++++ Data to use ++++

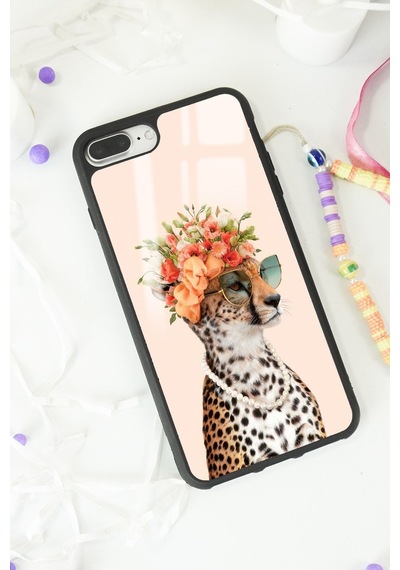 Apple Uyumlu iPhone 7 Plus - 8 Plus Influencer Leopar Kedi Tasarımlı Glossy Telefon Kılıfı Çok Renkli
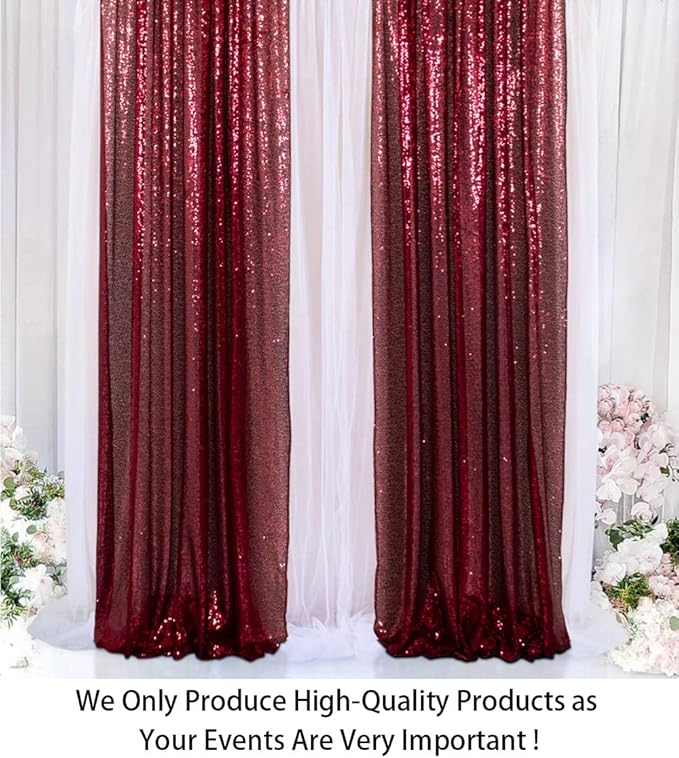 ShinyBeauty Sparkle Backdrop Curtain Burgundy 2 Panels Set Sequin Photo Backdrop Wine 2FTx8FT Sequin Backdrop Curtain Pack of 2-1220S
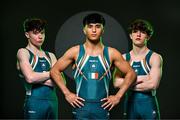 9 July 2025; Gymnasts, from left, Robert Ward, Chester Enríquez and Finlay Hazleton during a Team Ireland announcement for the athletes selected to compete at the European Youth Olympic Festival in Skopje, North Macedonia, proudly supported by Allianz. The European Youth Olympic Festival takes place in Skopje, North Macedonia, taking place from 20 – 26 July. Photo by Sam Barnes/Sportsfile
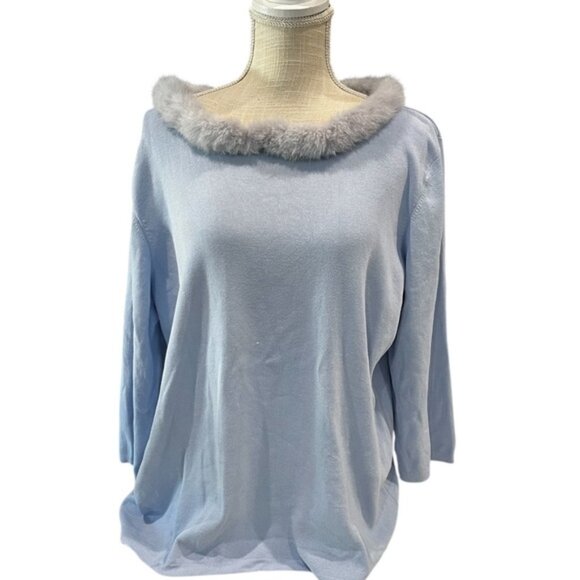 Vintage Women’s Light BluebJoseph A. Sky Blue Sweater with Plush Trim 2X - Picture 1 of 4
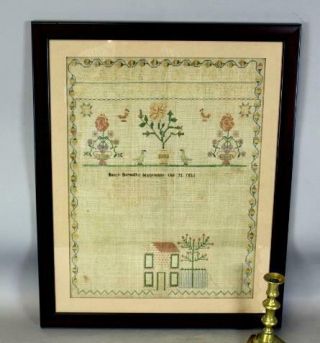 A Rare House Decorated 1825 Needlework Sampler Signed " Nancy Burroughs 1825 "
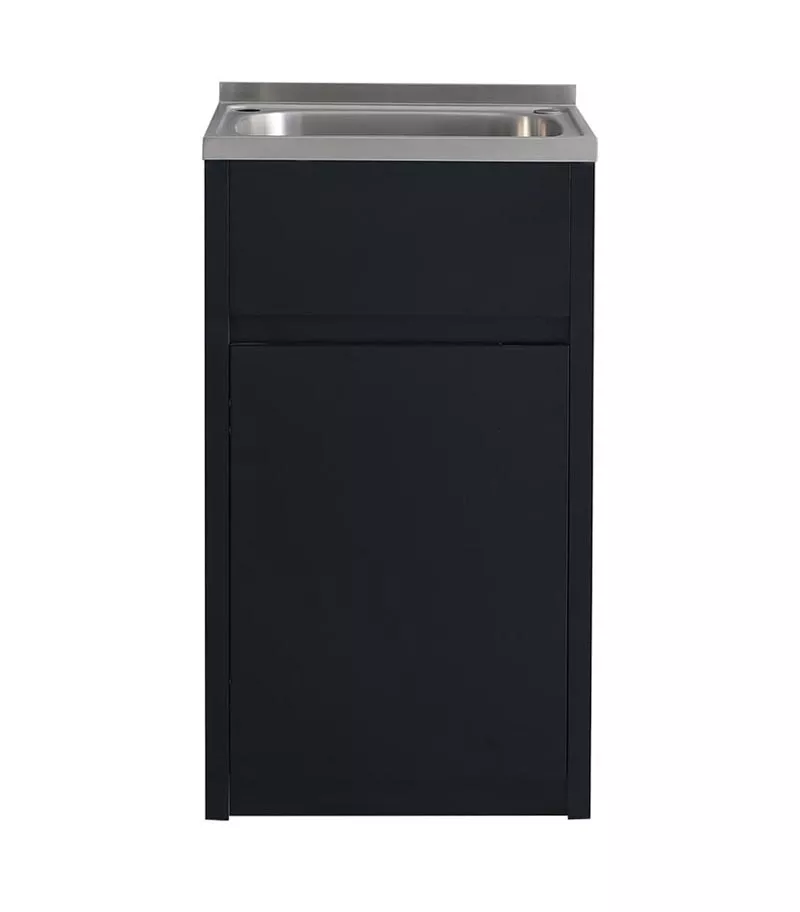 35L Matt Black PVC Laundry Tub With Stainless Steel Sink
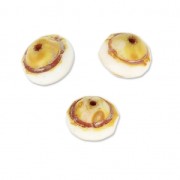 Glass Saturn Beads 8x10 mm Opaque White Travertin x10|raw }}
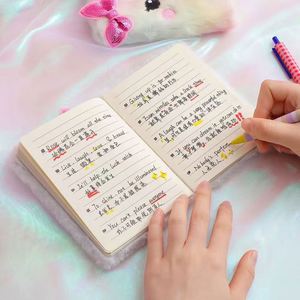 Cartoon <b>Cat</b> & Girl Printed Notebook Mini Cute Animal Soft Fur <b>Plush</b> Sewing Binding Children's Birthday Gift - Product Image 4
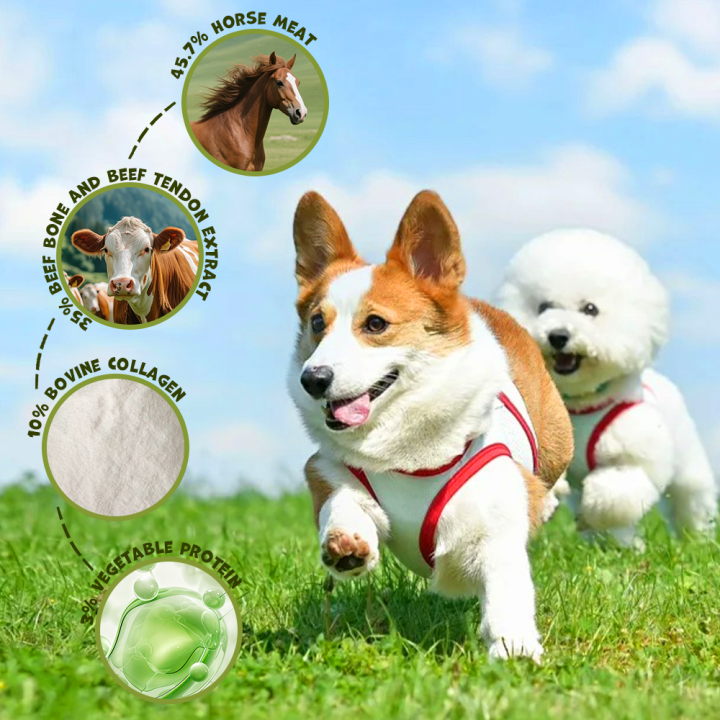 UNIQ PETS PRZYSMAKI DLA PSA CHEWY 500g ringi kolagenowe z koniną 5cm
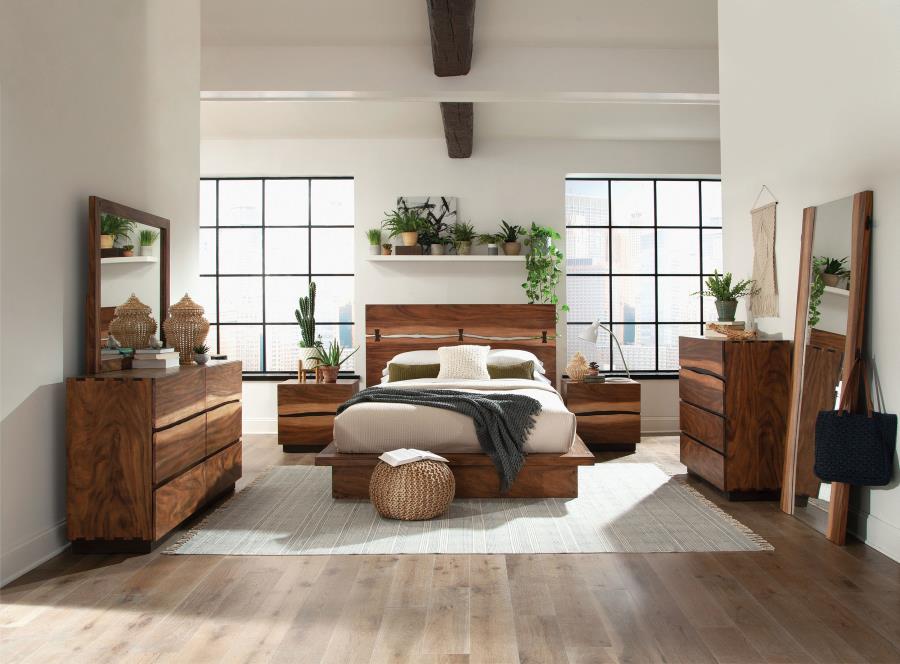 (image for) Winslow 4-piece Eastern King Bedroom Set Smokey Walnut - Click Image to Close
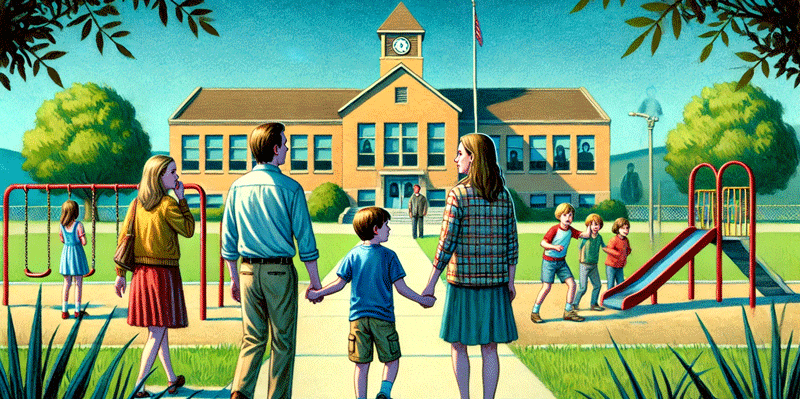 A young family approaches a school with foreboding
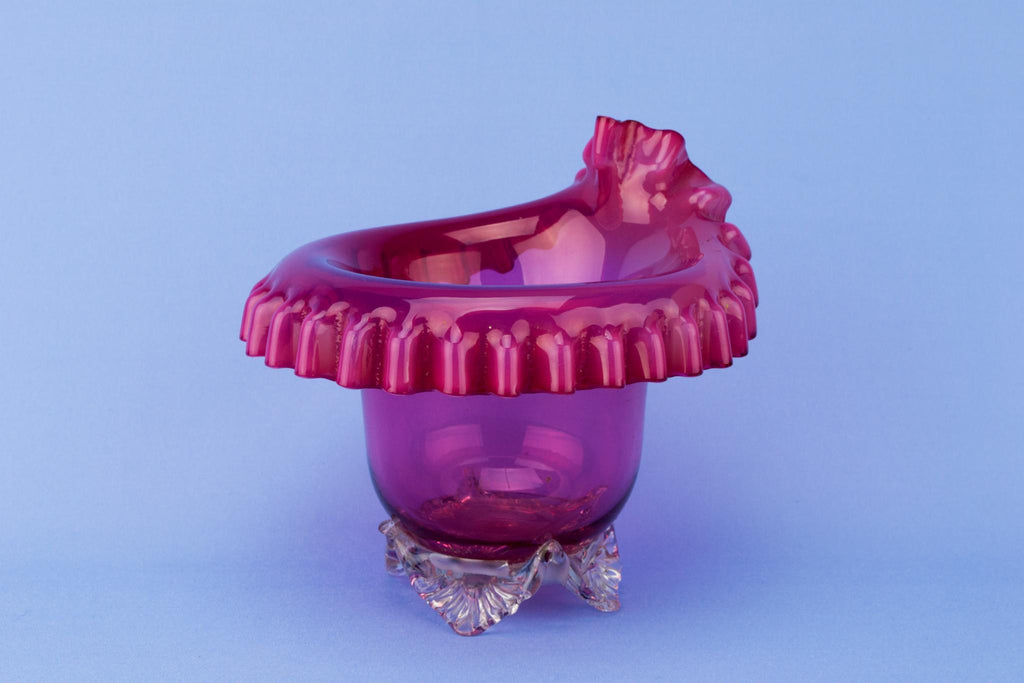 Cranberry Red Glass Serving Bowl, English 19th Century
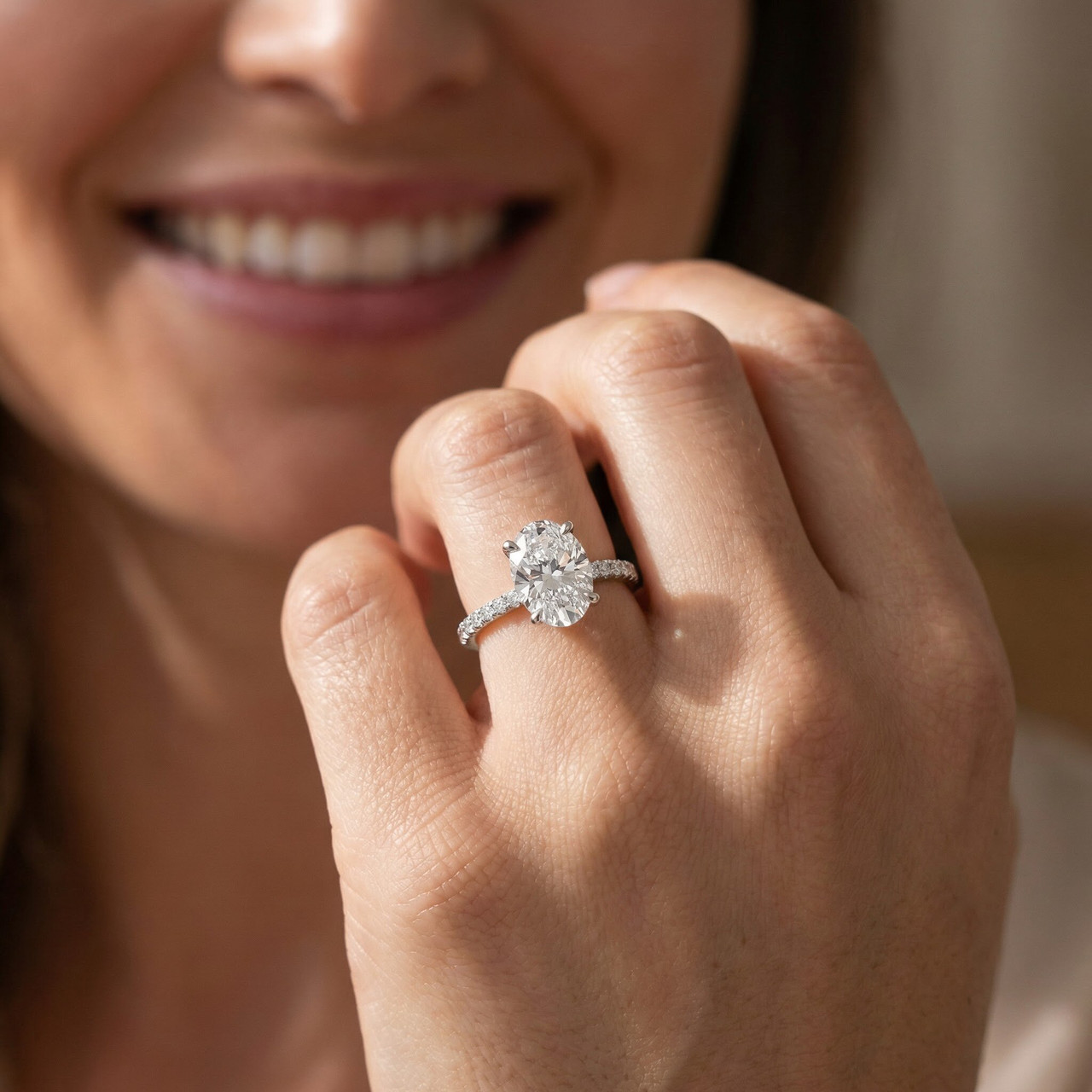 3 1/2Ct Oval Diamond Engagement Ring Lab Grown in 14k Gold Hidden Halo (G-H, VS)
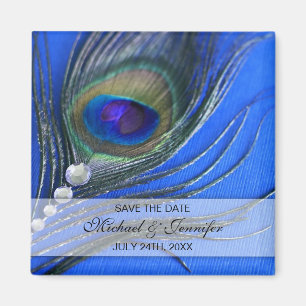 Aimant Bijoux Peacock Feather Blue Enregistrer la date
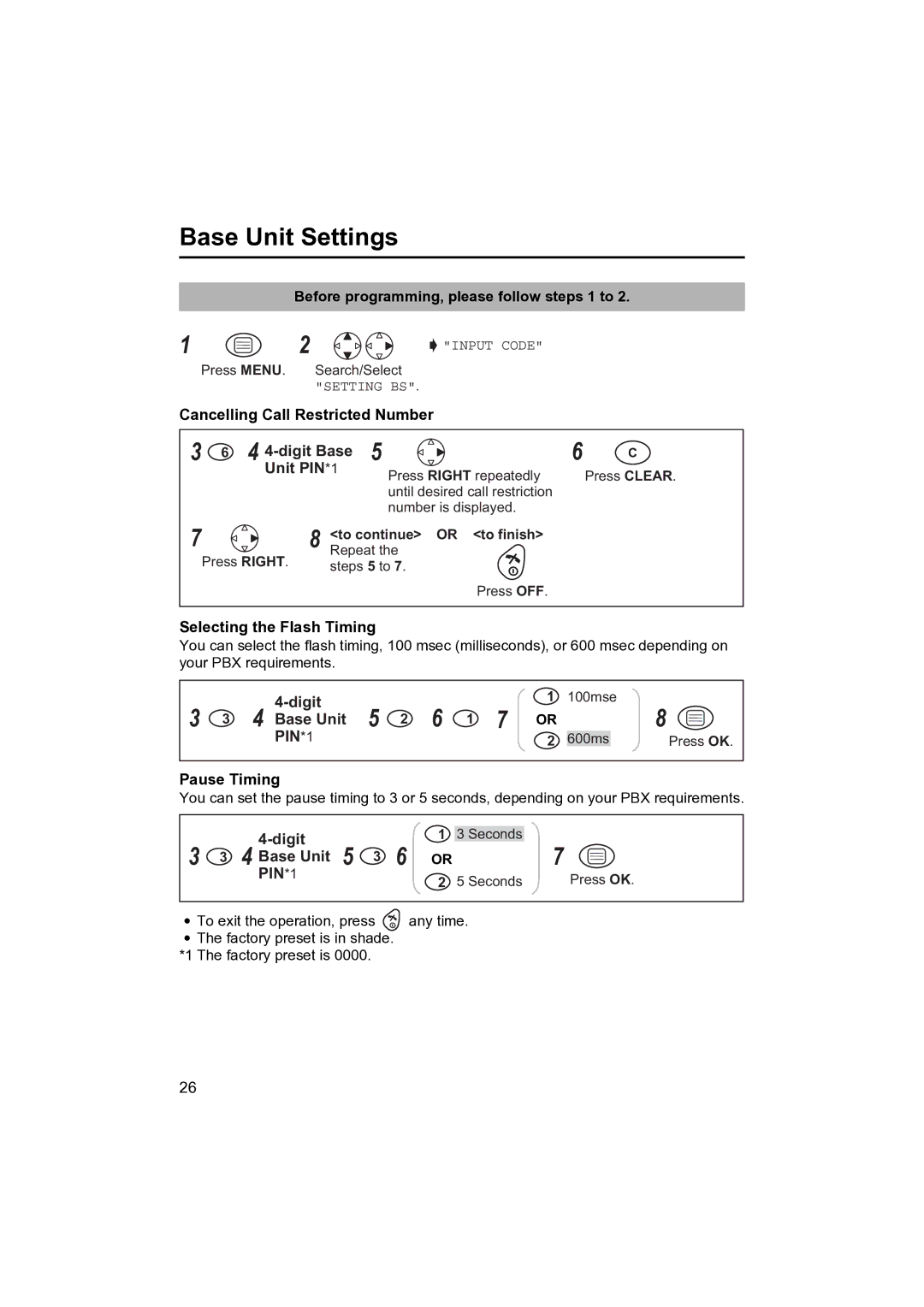 Panasonic KX-TCD410NZ Cancelling Call Restricted Number 4 4-digit Base Unit PIN*1, Selecting the Flash Timing 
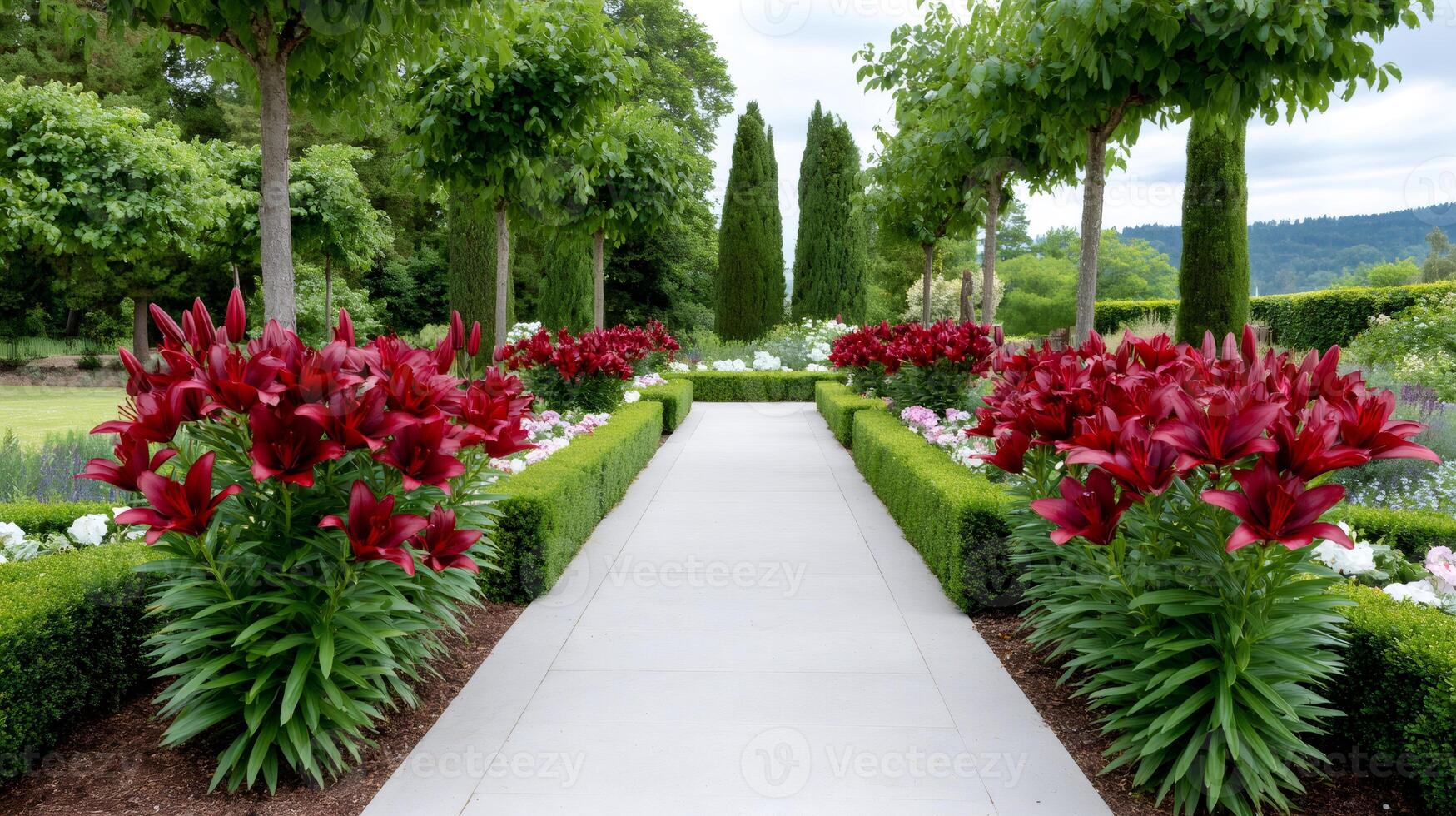 Dark red lilies bordering a path in a formal garden photo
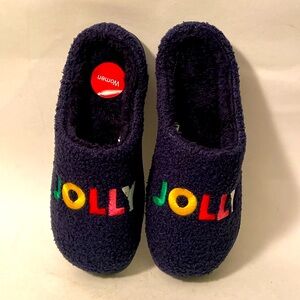 Family PJs Slippers Womens Medium 7-8 JOLLY Colorful Festive Lounge Bright Cozy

++++

■ **What the exercise asks**
The reply should hold an exact repeat of the entries from their opening line through the line with "UNIQ PETS PRZYSMAKI", and no pictures at all.

■ **Expected answer**
 Apple Uyumlu iPhone 7 Plus - 8 Plus Influencer Leopar Kedi Tasarımlı Glossy Telefon Kılıfı Çok Renkli
 ShinyBeauty Sparkle Backdrop Curtain Burgundy 2 Panels Set Sequin Photo Backdrop Wine 2FTx8FT Sequin Backdrop Curtain Pack of 2-1220S
 9 July 2025; Gymnasts, from left, Robert Ward, Chester Enríquez and Finlay Hazleton during a Team Ireland announcement for the athletes selected to compete at the European Youth Olympic Festival in Skopje, North Macedonia, proudly supported by Allianz. The European Youth Olympic Festival takes place in Skopje, North Macedonia, taking place from 20 – 26 July. Photo by Sam Barnes/Sportsfile
 Vintage Women’s Light BluebJoseph A. Sky Blue Sweater with Plush Trim 2X - Picture 1 of 4
 A Rare House Decorated 1825 Needlework Sampler Signed " Nancy Burroughs 1825 "
 35L Matt Black PVC Laundry Tub With Stainless Steel Sink
 Glass Saturn Beads 8x10 mm Opaque White Travertin x10|raw }}
 Cartoon <b>Cat</b> & Girl Printed Notebook Mini Cute Animal Soft Fur <b>Plush</b> Sewing Binding Children's Birthday Gift - Product Image 4
 UNIQ PETS PRZYSMAKI DLA PSA CHEWY 500g ringi kolagenowe z koniną 5cm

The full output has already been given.